# RECORDS PROVIDED
========================================
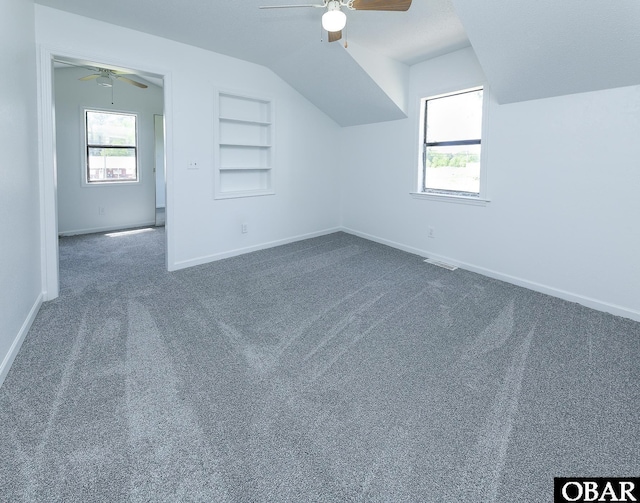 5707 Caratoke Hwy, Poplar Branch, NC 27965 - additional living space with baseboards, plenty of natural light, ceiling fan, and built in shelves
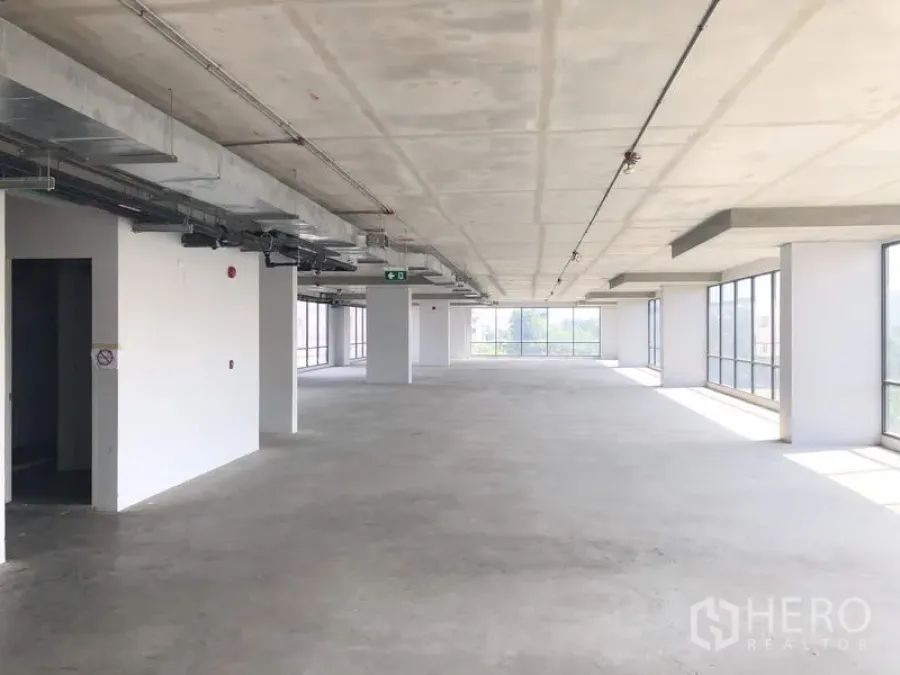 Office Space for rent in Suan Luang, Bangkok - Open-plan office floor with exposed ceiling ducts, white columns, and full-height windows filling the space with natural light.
========================================
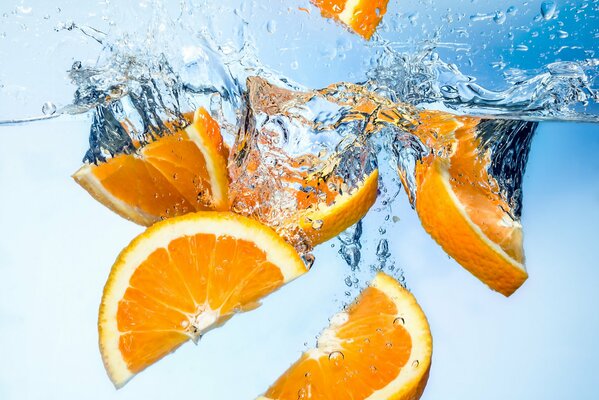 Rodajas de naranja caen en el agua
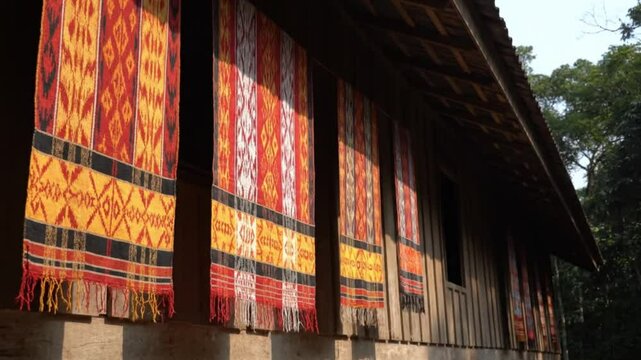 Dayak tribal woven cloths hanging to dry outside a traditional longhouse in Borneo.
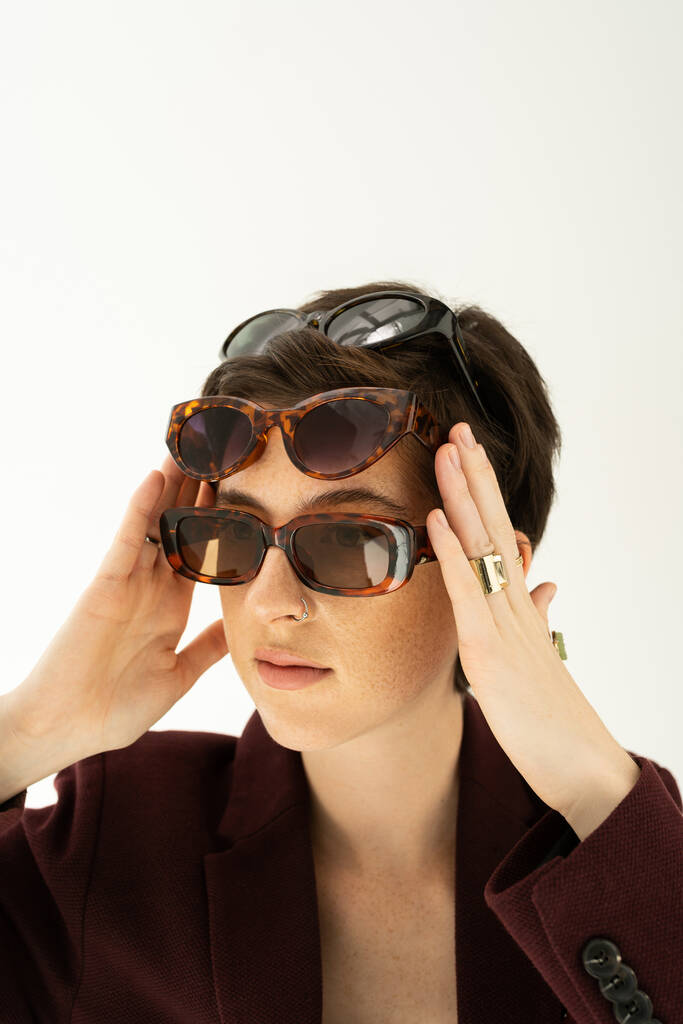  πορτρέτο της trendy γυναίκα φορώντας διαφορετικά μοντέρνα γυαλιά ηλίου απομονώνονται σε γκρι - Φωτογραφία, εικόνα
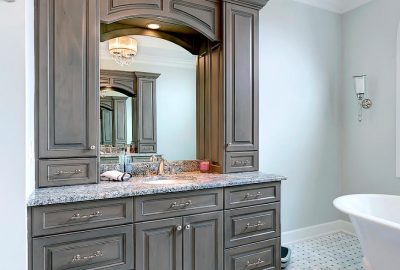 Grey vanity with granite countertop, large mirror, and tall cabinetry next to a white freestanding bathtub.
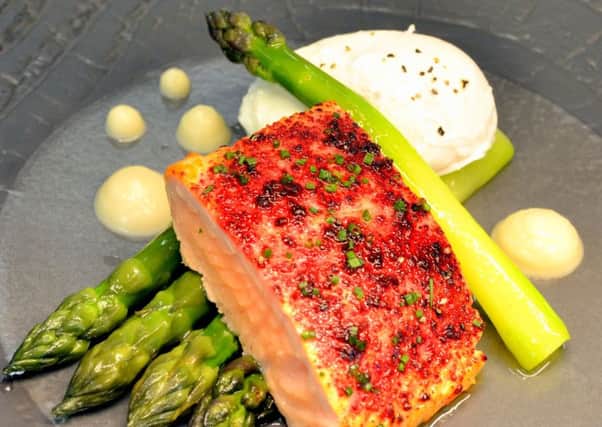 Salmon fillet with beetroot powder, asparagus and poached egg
========================================
# EXERCISE OBJECTIVE
In the listing above, find the line holding "Rodajas de naranja caen en el agua" and the line holding "Salmon fillet with". Reproduce those two lines and all between them exactly, leaving out pictures.

# ANSWER TO THE EXERCISE
 Rodajas de naranja caen en el agua
 Dayak tribal woven cloths hanging to dry outside a traditional longhouse in Borneo.
  πορτρέτο της trendy γυναίκα φορώντας διαφορετικά μοντέρνα γυαλιά ηλίου απομονώνονται σε γκρι - Φωτογραφία, εικόνα
 Grey vanity with granite countertop, large mirror, and tall cabinetry next to a white freestanding bathtub.
 Salmon fillet with beetroot powder, asparagus and poached egg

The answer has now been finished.